Right. And we have tons of options out there, we're just not using them. If these guys are leading the market Weyerhaeuser, right. Just like, okay, you want to know something, we are going to transition everybody because we have the ability to do that. Here's a better product you can use for building. If you're going to frame a house, frame it with this. Change the way we build, don't just keep using trees because contractors don't want to evolve to a new way of setting up new developments. We're not going to do that anymore. Choose something else.

Jason Rigby (11:47):

But that's our responsibility.

Alexander McCaig (11:48):

We got to tell them.

Jason Rigby (11:49):

It's our responsibility to take back our data. It's our responsibility to take back our earth. We can't rely on governments to make those decisions.

Alexander McCaig (11:55):

No, it's our earth, not the governments earth.

Jason Rigby (11:57):

Everybody's all excited because our president has this big summit that's coming up for environmental and stuff. But Joe Biden is not the answer to any type of climate change.

Alexander McCaig (12:09):

Can I say something? Is Joe Biden sucking down 71.9 million hectares of forest for cattle, oil palm, soy, cocoa, rubber, coffee [crosstalk 00:12:19]. No, we are.

Jason Rigby (12:20):

Yeah, we are. Yeah, exactly.

Alexander McCaig (12:21):

People are doing that all together as a collective.

Jason Rigby (12:25):

He's just a representation of the government and corporations.

Alexander McCaig (12:27):

Yeah.
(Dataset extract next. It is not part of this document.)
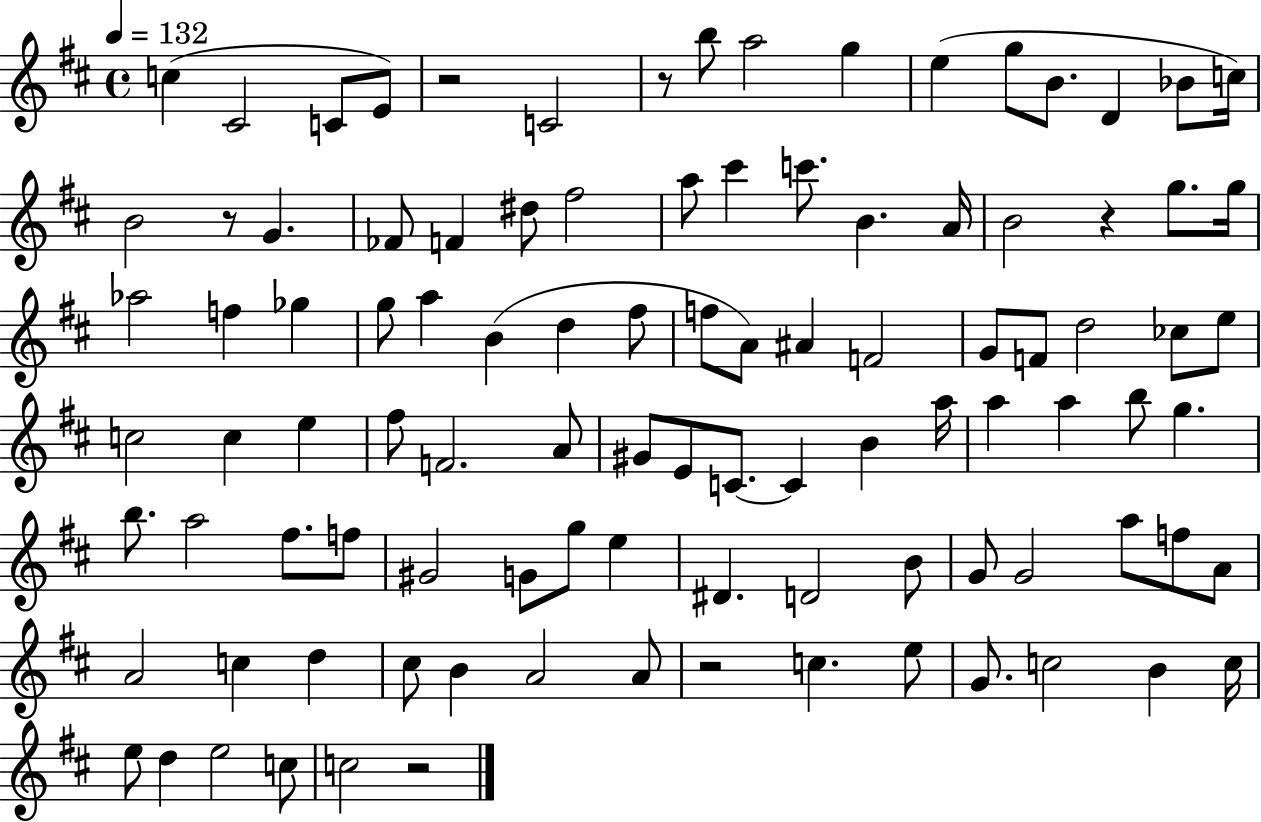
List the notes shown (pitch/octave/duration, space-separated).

C5/q C#4/h C4/e E4/e R/h C4/h R/e B5/e A5/h G5/q E5/q G5/e B4/e. D4/q Bb4/e C5/s B4/h R/e G4/q. FES4/e F4/q D#5/e F#5/h A5/e C#6/q C6/e. B4/q. A4/s B4/h R/q G5/e. G5/s Ab5/h F5/q Gb5/q G5/e A5/q B4/q D5/q F#5/e F5/e A4/e A#4/q F4/h G4/e F4/e D5/h CES5/e E5/e C5/h C5/q E5/q F#5/e F4/h. A4/e G#4/e E4/e C4/e. C4/q B4/q A5/s A5/q A5/q B5/e G5/q. B5/e. A5/h F#5/e. F5/e G#4/h G4/e G5/e E5/q D#4/q. D4/h B4/e G4/e G4/h A5/e F5/e A4/e A4/h C5/q D5/q C#5/e B4/q A4/h A4/e R/h C5/q. E5/e G4/e. C5/h B4/q C5/s E5/e D5/q E5/h C5/e C5/h R/h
There's not a reason you [crosstalk 00:12:29].

Jason Rigby (12:28):

Yeah, I know.

Alexander McCaig (12:30):

You represent yourself.

Jason Rigby (12:31):

Yes.

Alexander McCaig (12:32):

Yeah. So let's keep it that way and let's plant some trees and let's take back our data.

Speaker 1 (12:47):

Thank you for listening to Tartle cast with your hosts, Alexander McCaig and Jason Rigby, where humanity steps into the future and source data defines the path. What's your data worth?